Greenspan served under four US Presidents right from the close of the Cold War era in 1987 till 2006, just before the beginning of the global financial crisis.
Greenspan was known as a free-market champion who was credited with deregulating the financial markets but also blamed for sowing the seeds of what would later become the 2007-08 global financial crisis.
The second longest-serving Federal Reserve chairman, Greenspan rose from humble origins. Born to Jewish parents and in the Jewish enclave of Washington Heights, New York, Greenspan went on to become one of the most influential Federal Reserve chiefs.
A trained economist from New York University, Greenspan became chairman of the President's Council of Economic Advisors during Nixon's last year in office in 1974. He continued in the position when Gerald Ford took over as US President till 1976.
When Greenspan first took public office as an advisor, interest rates were regulated. There were hardly any financial derivatives, and the value of the dollar was pegged to gold. Under Greenspan, the US economy boomed in what is the longest period of expansion from 1991 to 2001.
Greenspan was an associate of Atlas Shrugged writer and free-market proponent Ayn Rand in the 1950s.
"Ayn Rand and I remained close until she died in 1982, and I'm grateful for the influence she had on my life.
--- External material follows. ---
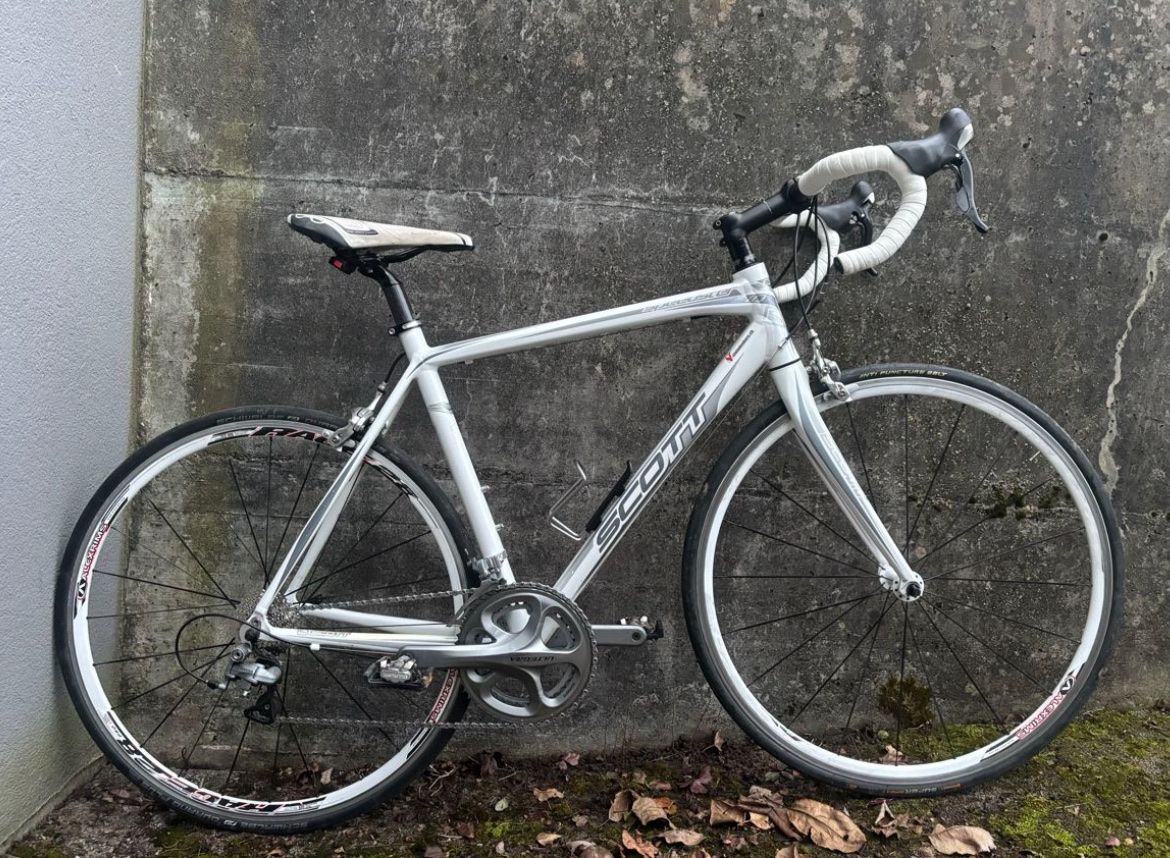 Scott Biciclette: Rennrad Scott white 53er – Nuovo (secondo la descrizione) da St. Gallen venduto da Travelbeef01 1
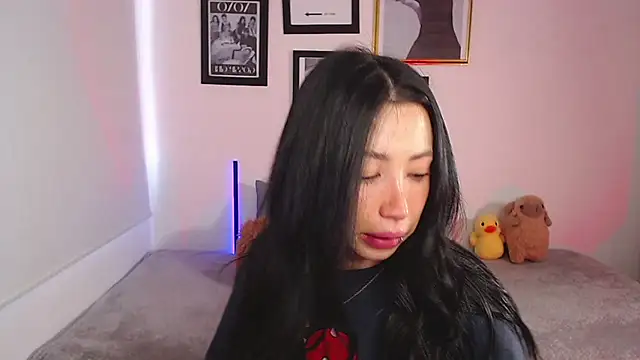 Snapshot of lilyy_evanss chatting on 03/21/25, 10:06 lilyy evanss online show from 03/21/25, 10:06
I was intellectually limited until I met her," Greenspan wrote in The Age of Turbulence: Adventures in a New World.
Greenspan is known for using monetary policy to launch pre-emptive strikes at inflation but is also criticised for keeping interest rates low during the early 2000s that many think led to the global financial crisis later on in 2007.
During a speech in 1996, Greenspan coined the term "irrational exuberance", describing a phenomenon when investor enthusiasm drives up asset prices that are devoid of the real economic conditions on the ground.